SUNRISE TO SUNRISE

SUNRISE TO SUNRISE

BY BILL MANNING

On a warm July night in Indiana, three elderly sisters drove to Lake Monroe, a popular spot for recreation. After their respite, the women prepared to leave. The driver, unfamiliar with the roads in the area, drove straight down a boat ramp into the lake.

Firefighter Rick Van Sant, Jr., of the Indianapolis Fire Department was shoreside when he saw the van plunge into the water. Immediately he swam toward it. By the time he reached it, the van had floated about 120 feet from shore and was nosing into the lake.

He instructed the women to open the doors. The electronic mechanism would not operate–they were locked in. Van Sant began pounding the windows with his fists, to no avail.

By this time, another man had swum out to the sinking vehicle. Van Sant directed him to swim back to shore and get a rock.

Van Sant stayed with the women and kept them calm. He instructed them to move to the back seat. He told them the water was only a few feet deep and he would get them out. But he was treading water. The lake was really 20 feet deep at that point.

The other man grabbed a rock but could not make the swim back with it. Van Sant swam to shore, grabbed the rock, and swam back out to the van, followed by the other rescuer.

By the time Van Sant reached his target, only the rear three feet of the van showed above the water. The women stood in the back seat, soon to be entombed in the quickly sinking vehicle.

It took Van Sant, a large, strong man, three hits with the rock before the side window gave way.

“Rick was determined,” the second rescuer said later to the media. “He kept saying, `We`re not going to lose these people.`”

Van Sant pulled out the first, then the second woman. Suddenly, the van submerged completely, flushing out the third victim. None of the women could swim. Van Sant brought one woman to shore while the other rescuer stayed with the remaining victims to help keep them afloat. Van Sant returned to the site–his fifth trip–and the two rescuers brought the sisters safely to shore.

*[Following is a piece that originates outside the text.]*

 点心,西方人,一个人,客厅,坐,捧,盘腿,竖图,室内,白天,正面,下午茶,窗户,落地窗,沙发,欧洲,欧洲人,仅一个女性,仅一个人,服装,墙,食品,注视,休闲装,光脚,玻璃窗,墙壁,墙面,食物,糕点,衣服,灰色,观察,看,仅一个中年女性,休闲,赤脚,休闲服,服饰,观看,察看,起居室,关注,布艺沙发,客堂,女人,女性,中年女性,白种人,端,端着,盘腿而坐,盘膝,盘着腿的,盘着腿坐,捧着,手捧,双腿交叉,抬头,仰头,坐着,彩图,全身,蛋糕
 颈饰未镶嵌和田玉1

Three people were spared death in Indiana that night due to the tenacious efforts of Firefighter Rick Van Sant and a conscientious civilian.

After the incident, in the glare of media spotlights, Van Sant was low-key, modest to the point of being self-effacing. The local newspapers, attracted to the loudest sounds, played more to the second rescuer`s side of the story than to Van Sant`s extraordinary physical and mental efforts. “That`s okay,” Van Sant confided to another firefighter. “I do this for a living.”

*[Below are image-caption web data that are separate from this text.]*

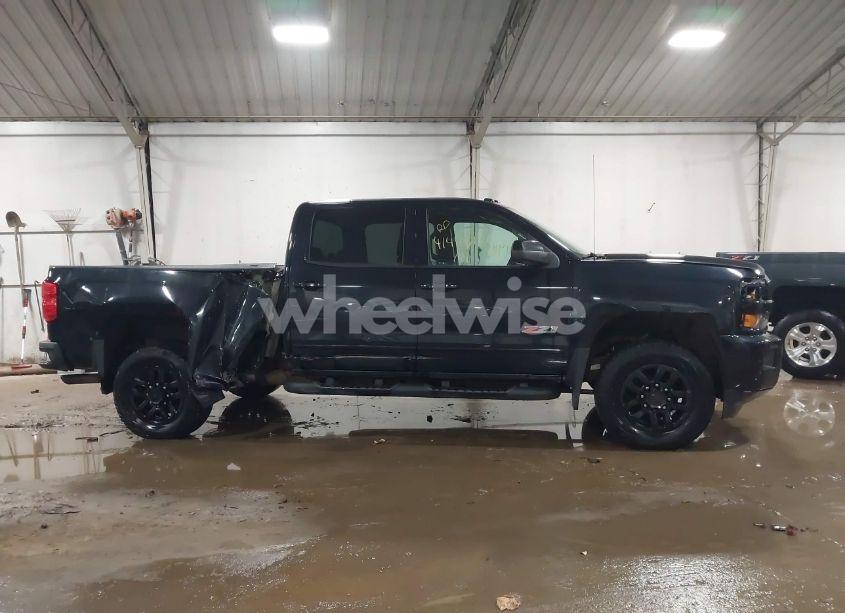 Photo 13 of 2018 Chevrolet Silverado 2500HD LTZ (VIN 1GC1KWEG7JF127298)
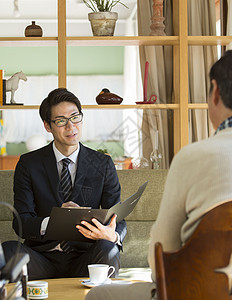 中年男士在家和商务人士聊天图片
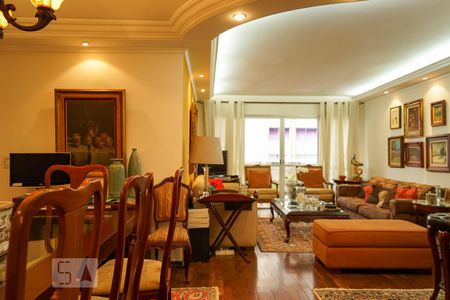 Apartamento à venda com 137m², 3 quartos e 2 vagas Apartamento à venda com 137m², 3 quartos e 2 vagasSala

Indeed. Which goes straight to the core of what it means to be a firefighter.

By your experience and training, you are firefighters. By your will, you are firefighters. Most important, by your hearts and minds, you are firefighters.

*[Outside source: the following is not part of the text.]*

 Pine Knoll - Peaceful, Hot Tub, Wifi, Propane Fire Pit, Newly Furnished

They say it`s unfair to define a person by what he does for a living or an occupation. That might be true for garbage collectors or editors or model car builders. But by calling someone “firefighter,” we characterize in the purest sense what that person is inside; the “doing” of the job comes by extension.

That`s an essential distinction. One might argue that, with respect to the Rick Van Sants of this world, firefighting may or may not be “in the blood,” but it is incontrovertible, to my way of thinking, that firefighting is in the heart and soul.

You are heroes–down into your souls, down to your shoes. Rick proved it this time with physical endurance, mental toughness, and a rock. What tools will you have at your next call to courage? Whatever`s available, of course.

What`s constant is what`s in your heart and soul–courage, tenacity, love of life, and the urgent will to preserve that life. It`s the stuff by which we can say with assurance: Once a firefighter, always a lifesaver.

The job never ends. You are a firefighter from sunrise to sunrise. What a gift.

Congratulations to Rick Van Sant and to you, firefighter.